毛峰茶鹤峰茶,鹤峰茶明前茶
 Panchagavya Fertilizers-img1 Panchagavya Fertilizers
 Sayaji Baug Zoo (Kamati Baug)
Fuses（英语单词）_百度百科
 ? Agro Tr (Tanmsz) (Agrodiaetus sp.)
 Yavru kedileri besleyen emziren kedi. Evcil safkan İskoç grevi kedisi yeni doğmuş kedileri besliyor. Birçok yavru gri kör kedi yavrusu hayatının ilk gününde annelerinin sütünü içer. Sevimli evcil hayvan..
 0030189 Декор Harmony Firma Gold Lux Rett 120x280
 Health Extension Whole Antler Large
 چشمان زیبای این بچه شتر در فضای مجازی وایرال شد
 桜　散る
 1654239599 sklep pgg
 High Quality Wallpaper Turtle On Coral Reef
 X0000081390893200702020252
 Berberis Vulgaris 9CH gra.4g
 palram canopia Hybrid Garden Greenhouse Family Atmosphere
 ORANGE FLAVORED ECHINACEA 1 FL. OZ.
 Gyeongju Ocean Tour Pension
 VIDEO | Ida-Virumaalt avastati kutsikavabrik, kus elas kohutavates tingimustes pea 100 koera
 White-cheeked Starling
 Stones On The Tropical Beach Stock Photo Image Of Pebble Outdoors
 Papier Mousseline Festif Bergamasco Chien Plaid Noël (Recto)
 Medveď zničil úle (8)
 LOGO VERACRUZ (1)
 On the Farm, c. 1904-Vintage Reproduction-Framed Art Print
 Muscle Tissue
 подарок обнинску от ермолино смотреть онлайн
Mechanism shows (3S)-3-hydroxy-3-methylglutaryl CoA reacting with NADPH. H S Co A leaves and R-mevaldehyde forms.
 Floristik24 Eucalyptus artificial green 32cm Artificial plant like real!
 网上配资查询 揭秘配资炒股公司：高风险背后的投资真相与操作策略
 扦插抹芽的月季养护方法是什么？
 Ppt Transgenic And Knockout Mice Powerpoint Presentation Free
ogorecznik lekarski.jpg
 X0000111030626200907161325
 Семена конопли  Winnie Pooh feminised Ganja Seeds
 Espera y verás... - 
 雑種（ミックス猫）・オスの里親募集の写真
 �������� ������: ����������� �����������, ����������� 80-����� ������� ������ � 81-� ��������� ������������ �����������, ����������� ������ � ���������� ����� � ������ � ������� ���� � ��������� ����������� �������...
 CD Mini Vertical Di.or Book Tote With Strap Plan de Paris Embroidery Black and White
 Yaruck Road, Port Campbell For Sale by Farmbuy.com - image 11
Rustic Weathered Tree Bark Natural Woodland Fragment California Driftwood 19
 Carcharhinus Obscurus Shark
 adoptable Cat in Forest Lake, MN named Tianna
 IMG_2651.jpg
+++++
◆ **REQUIREMENT**: Up to and including the line with "Agro Tr (Tanmsz) (Agrodiaetus sp.)", write out the records above exactly, starting from their first line.

◆ **RESPONSE FOR THIS EXERCISE**:
毛峰茶鹤峰茶,鹤峰茶明前茶
 Panchagavya Fertilizers-img1 Panchagavya Fertilizers
 Sayaji Baug Zoo (Kamati Baug)
Fuses（英语单词）_百度百科
 ? Agro Tr (Tanmsz) (Agrodiaetus sp.)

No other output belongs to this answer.